I don’t do drugs.
I don’t. I don’t even drink alcohol or caffeine.
The closest I’ve come to drug use was when I lived with a couple of stoners a few years ago. In the mutual interview process before they moved in, I was sure to mention that our house wasn’t a party house—that my brother drank but never had lots of people over, that neither of us did drugs, and that we weren’t interested in living with people who did. The soon-to-be housemates had been charming throughout our conversation, and they didn’t switch gears then. “No problem!” they assured me.
I soon learned that this is something that some drug users do. Their reality morphs and shifts depending on the situation, so they didn’t even feel like they were lying to me, just that I’d misunderstood them for some inexplicable reason.
Truly, living with those stoners was an education in purposeful vegging. They saw their role as vital. They believed that the world would be better off if everyone just smoked weed like them. When I tried to explain that if everyone was stoned all the time there wouldn’t be anyone coherent enough to work the Taco Bell that they liked to frequent at all hours of the morning, reality slipped again, and they insisted that I would totally get how it would all work if I would just get high.
Not a pretty picture. In fact, it’s a lot like how religion tends to work.
After all, a lot of religious-types are really good at shifting reality. For example, ask a traditionally Christian woman about the gender disparities inherent in her religion and you’ll end up on a logical merry-go-round:
God is everything.
God is a He.
Jesus teaches us that all people are equal.
And that’s pretty awesome considering He’s a guy.
Jesus is the son of God, but He’s also God.
God is everything.
But God is still a He, not a she or even an it.
God is certainly not a transgendered man.
Don’t try to define God: He is perfection.
That the statements contradict each other does not matter. It you don’t get it, you don’t have faith.
Which brings me to the “everyone should do it” thing that drug users do. Believers are notorious for this, only their high is hard to reach and rather elitist: faith is something that you have to want, but, no matter how much you want it, you’ll only achieve it once the deity chooses to bless you with it.
Religion and drugs. Both fascinating and both things that I love reading about but not partaking in.
Of course, I won’t claim to be clean. Drugs and religion are definitely linked, but art should be grouped with them too.

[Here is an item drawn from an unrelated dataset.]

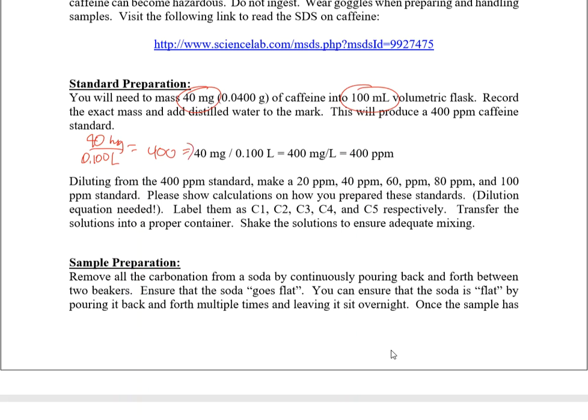That 400 ppm solution is our stock or working solution. From that 400 ppm, we are going to be required to make a series of standards: 20, 40, 60, 80, and 100 ppm.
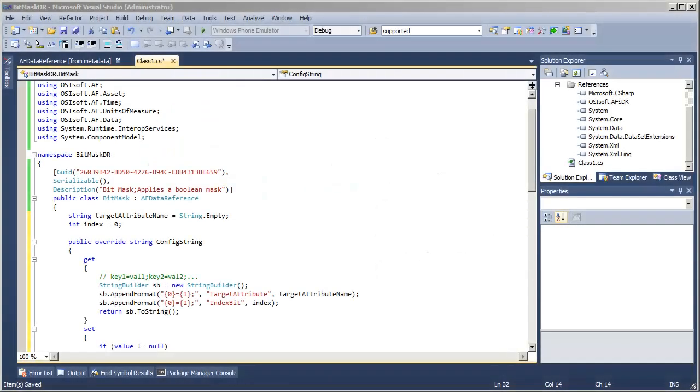Now that we've started writing our data reference and have the config string implemented, we'll move on and look at what it takes to actually start returning values from our data reference.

I’m not trying to be cute by comparing my career choice to chemical mood-enhancers and cults. This isn’t me going on again about how I have the coolest job ever. This is me admitting that art-making can be dangerous to the maker and often ends up being annoying to others.
For one thing, I definitely hide from the world in my studio, just like some people choose drugs as their sanctuary and others insulate themselves in a community and a text. Not everything that I do in the name of art-making is good for my mental state either. A lot of it is, but not all of it.
As for the changing of reality that drugs and religion do so well, why that’s the whole reason for art! What’s more, I firmly believe that the world would be a better place if everyone embraced their creativity.
In the end, I think that art differentiates itself from drugs and religion by encouraging exploration and critical thinking, but the striking similarities stand. It doesn’t matter so much what you choose: art, drugs, religion, they’re all about how you see your purpose in the world.